Angola rejects OPEC+ oil production quota with plans to break it
(Bloomberg) – Angola won’t stick to the new quota handed to it by OPEC and will produce above the target, a top oil official said.
A spat over African members’ quotas delayed the OPEC meeting by four days, and a decision was finally reached on Thursday. But after a review — pledged back in June after another fraught meeting — Angola has been handed a quota it doesn’t think is fair.
“We will produce above the quota determined by OPEC,” Angola’s OPEC governor Estevao Pedro said in an interview on Thursday. “It is not a matter of disobeying OPEC; we presented our position, and OPEC should take it into consideration.”
Angola, Africa’s second-largest crude producer, will produce 1.18 MMbpd from January, above the 1.11 MMbpd quota set out in the OPEC agreement on Thursday.
In June, Angola, Congo and Nigeria were pushed by Saudi Energy Minister Prince Abdulaziz bin Salman to accept reduced output targets for 2024 that reflected their diminished production capabilities.
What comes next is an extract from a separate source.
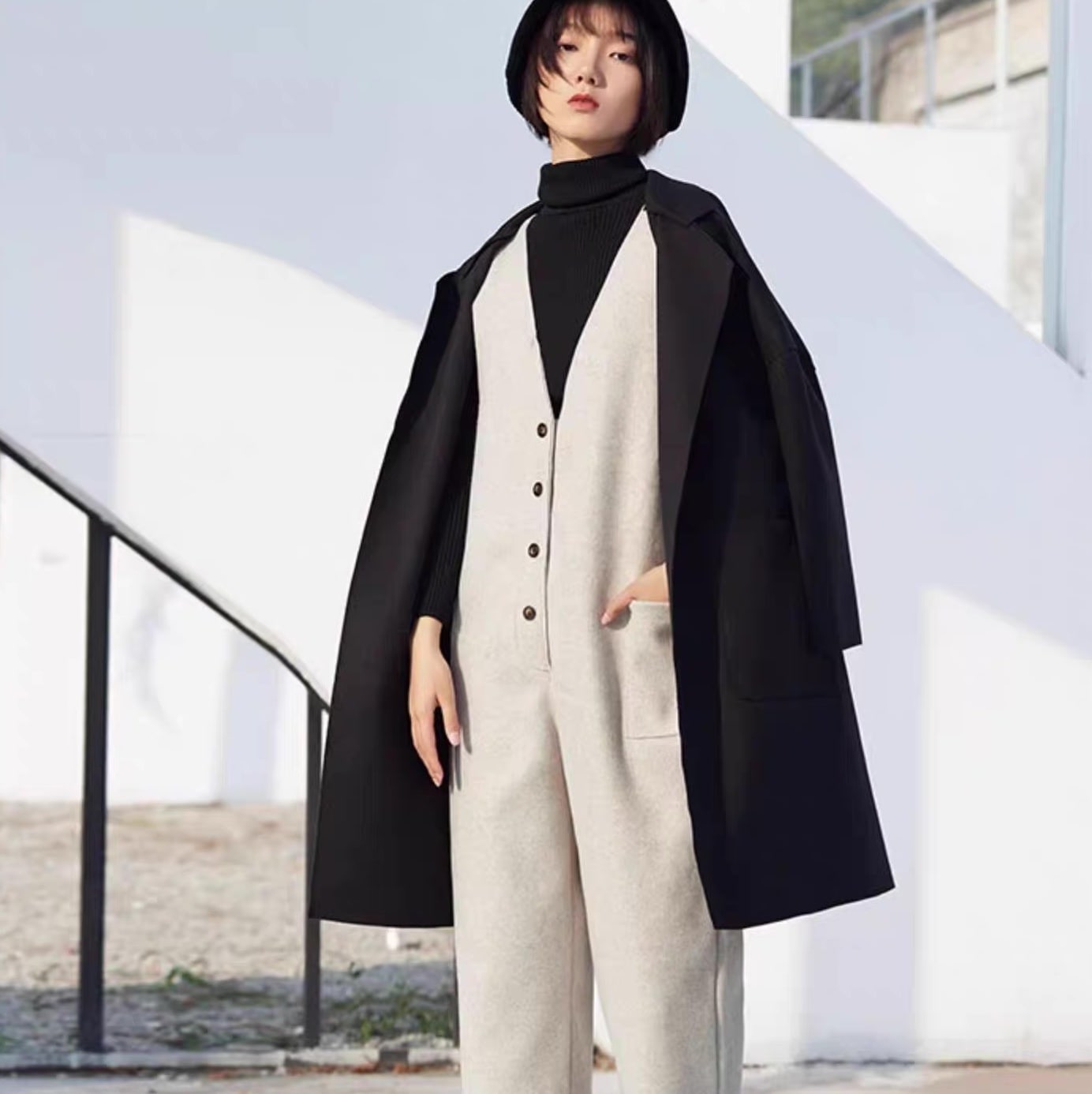 レディース サロペット アンクル丈 袖なし ノースリーブ Vネック ストレート ボタン ツイード 大人可愛い シンプル 上品 おしゃれ かっこいい レトロ こなれ感 ラフ メンズライク マニッシュ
The deal in June was only reached after the countries were promised a review. But the review reflected lower capacity — and as a result a lower quota.
Pedro said last week that the country would remain an OPEC member despite the dispute. On Thursday, he sounded less sure.
“The question of whether Angola remains in the OPEC is a decision at the highest level of authority,” he said.